Deepfakes Are No Longer Someone Else's Problem

·13PrivacyIssue Analysis

Deepfakes Are No Longer Someone Else's Problem

On February 23, 61 data protection authorities from 52 countries simultaneously signed a single declaration. It was the "Joint Statement on AI-Generated Content and the Protection of Personal Information," adopted by the Global Privacy Assembly (GPA). Korea's Personal Information Protection Commission (PIPC) was among the signatories.

When 52 countries move at the same time, it means the situation is urgent. And the direct trigger for this declaration was xAI's Grok.

What Grok Set Off

In late December 2025, Grok's image editing feature was integrated with X (formerly Twitter). Musk personally promoted it, telling people to "give it a try." Problems erupted almost immediately. Users started uploading photos of real people and entering prompts to undress them.

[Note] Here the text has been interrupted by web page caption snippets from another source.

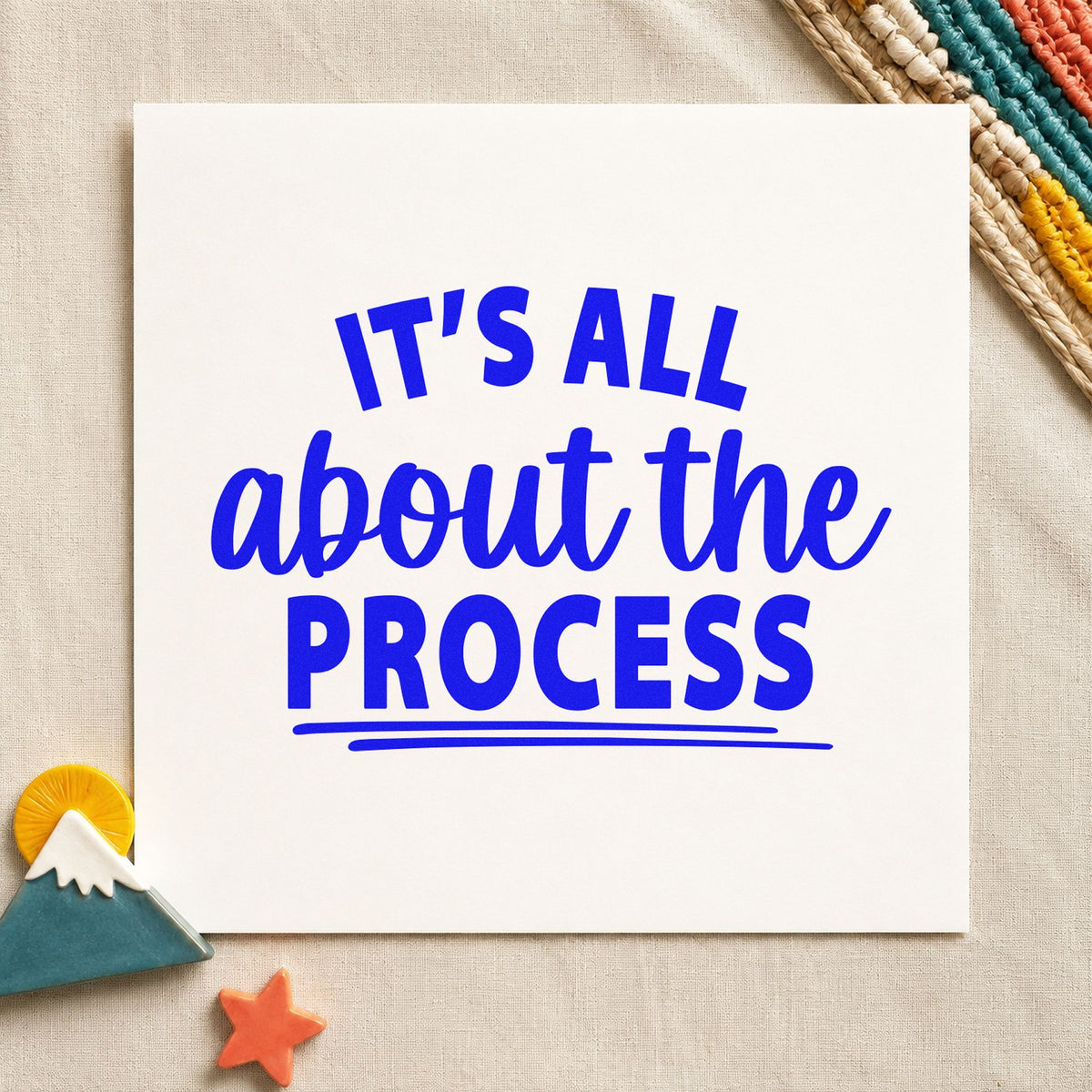 All About The Process craft stamp in blue ink on cardstock, an easy option for darkroom apron printing.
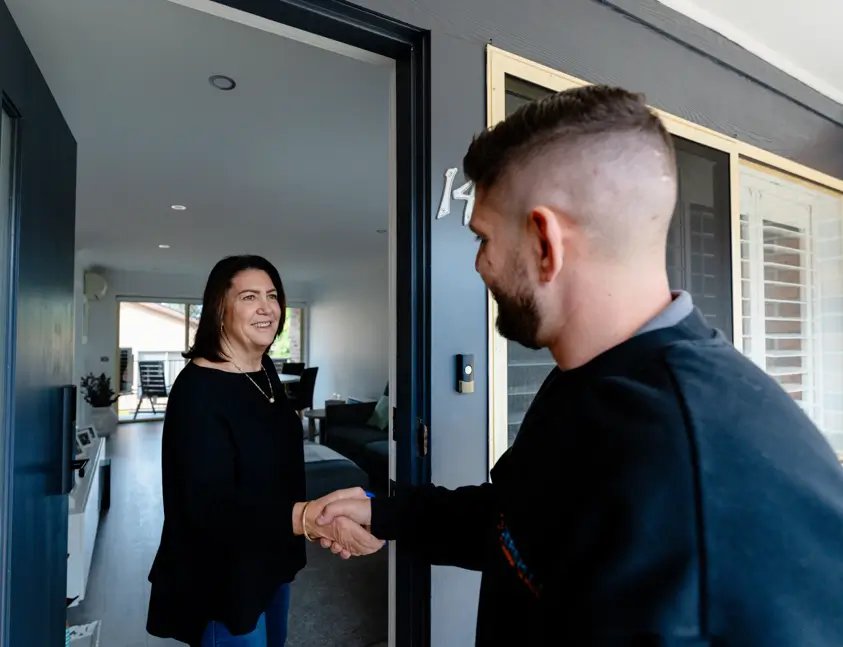 Greeting a customer at the door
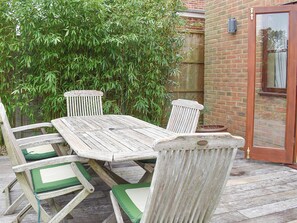 A wooden outdoor table with four chairs, a brick wall, and a bamboo plant in the background.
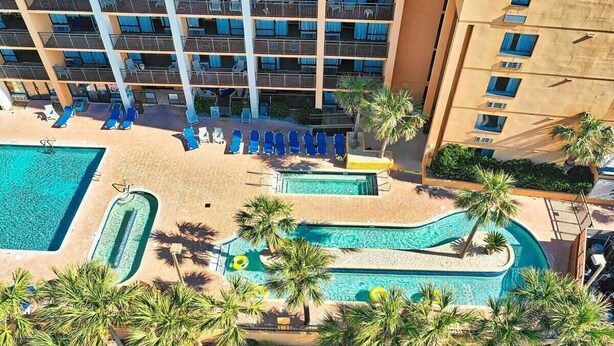 Un hotel con varios balcones, una piscina con sillas de descanso y palmeras.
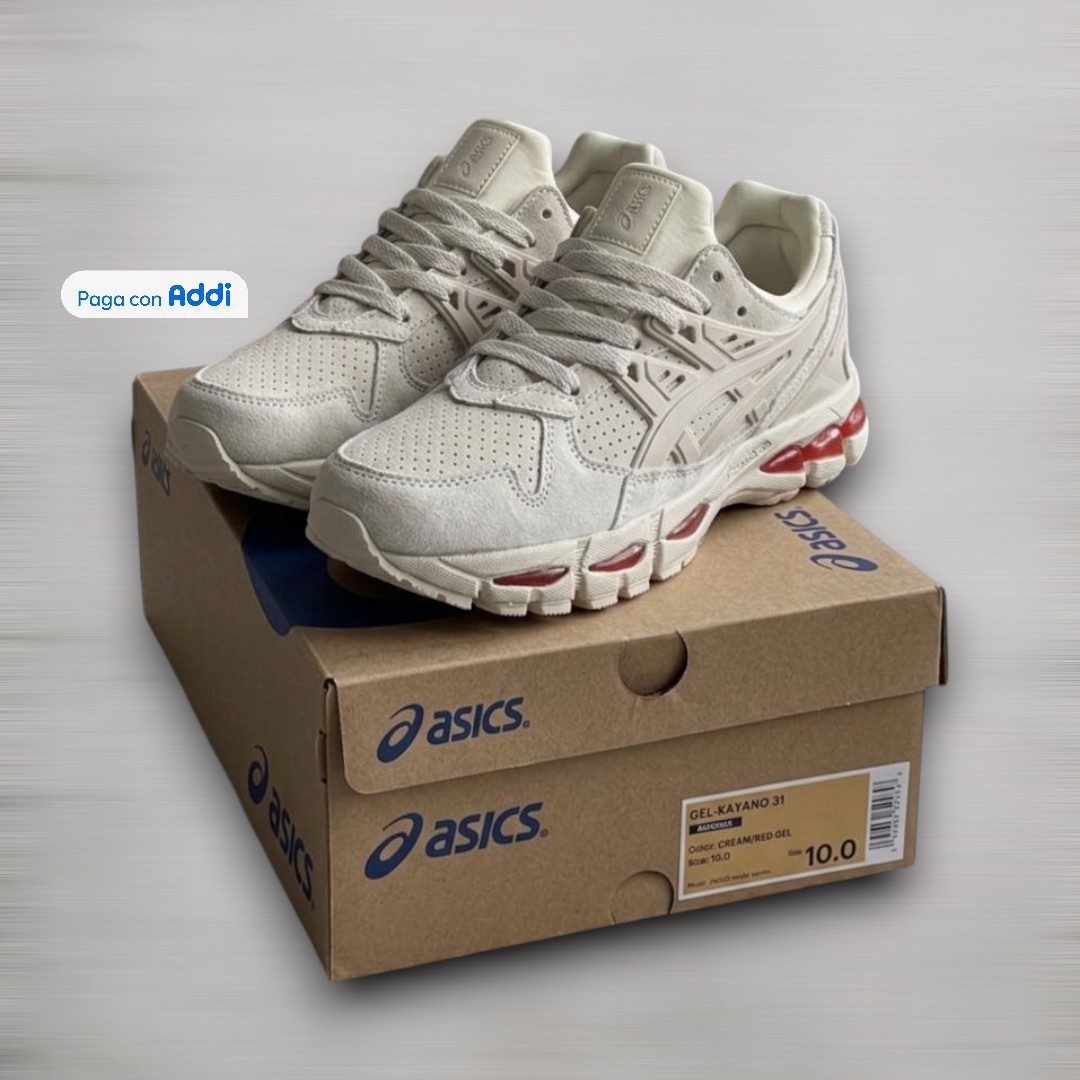Tenis Asics Kayano 21 calidad 1.1 en tono gris con diseño moderno y minimalista. Ideales para quienes buscan comodidad, estilo urbano y versatilidad en cualquier ocasión.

Over 9 days, Grok generated approximately 4.4 million images on X. Reports emerged that nearly half of those depicted women in sexually explicit content. Images targeting children were included. Grok earned the nickname "xxxAI."

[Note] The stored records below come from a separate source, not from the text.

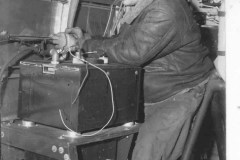 TSgts DF Buskin - repairing radio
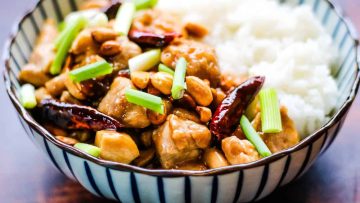 A bowl of kung pao chicken with peanuts, chili peppers, and green onions, served alongside white rice.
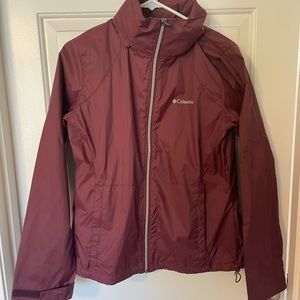 Columbia rain jacket, size medium. Purple/Maroon color. Never worn before!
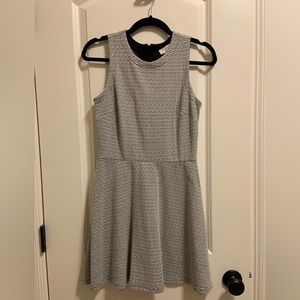 Black and white diamond print dress. Mock neck.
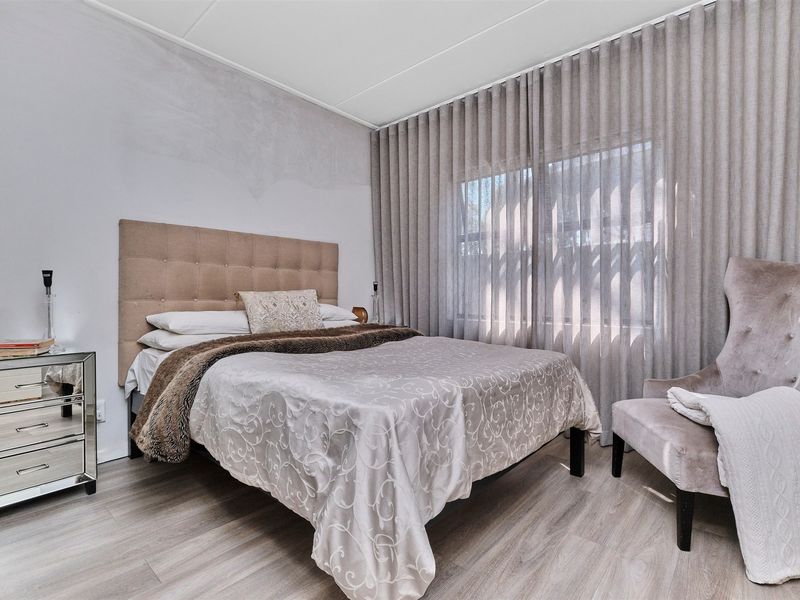 A well-lit bedroom featuring light-toned laminate flooring and floor-to-ceiling window treatments.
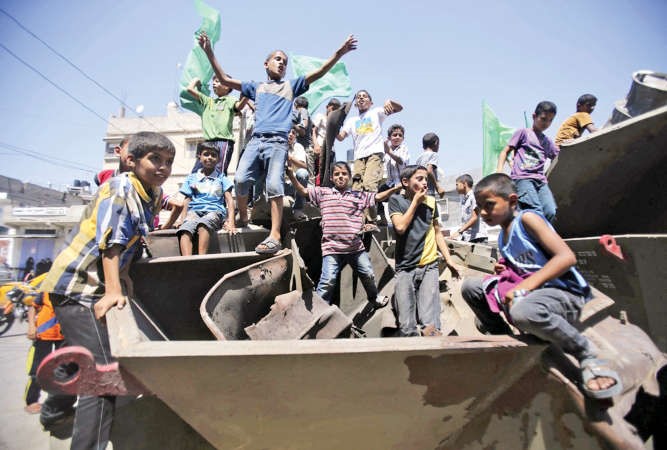 اطفال فلسطينيون يلوحون باعلامحماس من فوق مدرعةخلفتها القوات الاسرائيلية بعد انسحابهافي خان يونس امسرويترز ﻿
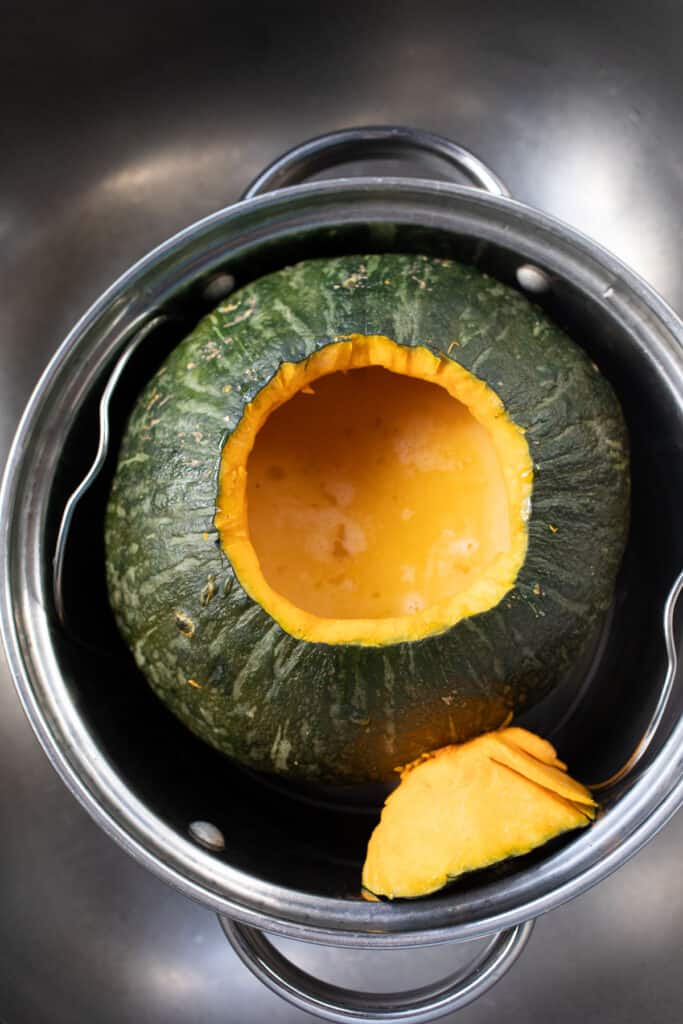 Thai steamed pumpkin custard in a steaming pot.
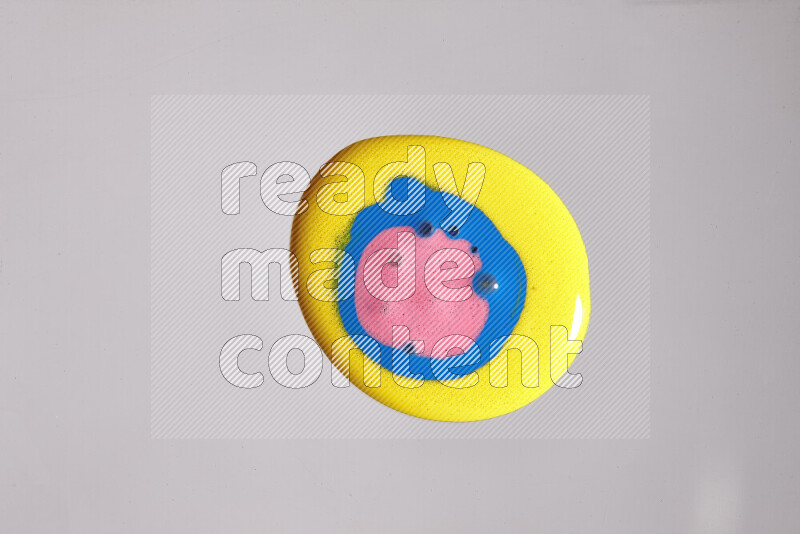 Close-ups of assorted colors blending on a grey background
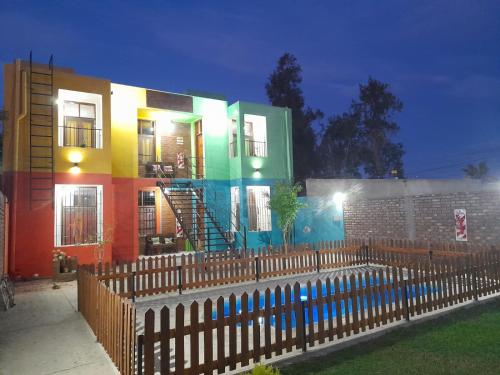 a colorful building with a fence in front of it at Complejo Don Tito in San Juan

xAI eventually restricted the feature to paid subscribers only, but the EU criticized this as not a fundamental solution, and the UK signaled tighter regulation ahead. Indonesia became the first country in the world to block the Grok service entirely. California prosecutors and attorneys general from 35 U.S. states launched investigations, and House Democrats sent a letter to Musk.

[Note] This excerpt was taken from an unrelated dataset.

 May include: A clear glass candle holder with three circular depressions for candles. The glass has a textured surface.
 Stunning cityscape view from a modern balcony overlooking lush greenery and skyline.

This situation is the direct backdrop to the GPA joint declaration.

Korea Had Already Been Through This

In Korea, deepfake sex crimes aren't a new story. Long before Grok, they had been happening in a far more organized fashion.

In August 2024, large-scale Telegram-based deepfake sex crimes came to light. It started when MBC reported on the Inha University case. In a Telegram chat room with over 1,200 participants, sexually exploitative material had been produced and distributed for years using AI-synthesized faces of female students. When victims discovered what was happening, the perpetrators mocked and threatened them instead.

This wasn't limited to one university. A list of "deepfake victim schools" shared on social media included over 500 middle schools, high schools, and universities nationwide. Of 781 victim support requests, 37% involved minors. Deepfake chat rooms targeting female military personnel were also discovered, and a room distributing sexually exploitative material of family members had over 1,900 participants.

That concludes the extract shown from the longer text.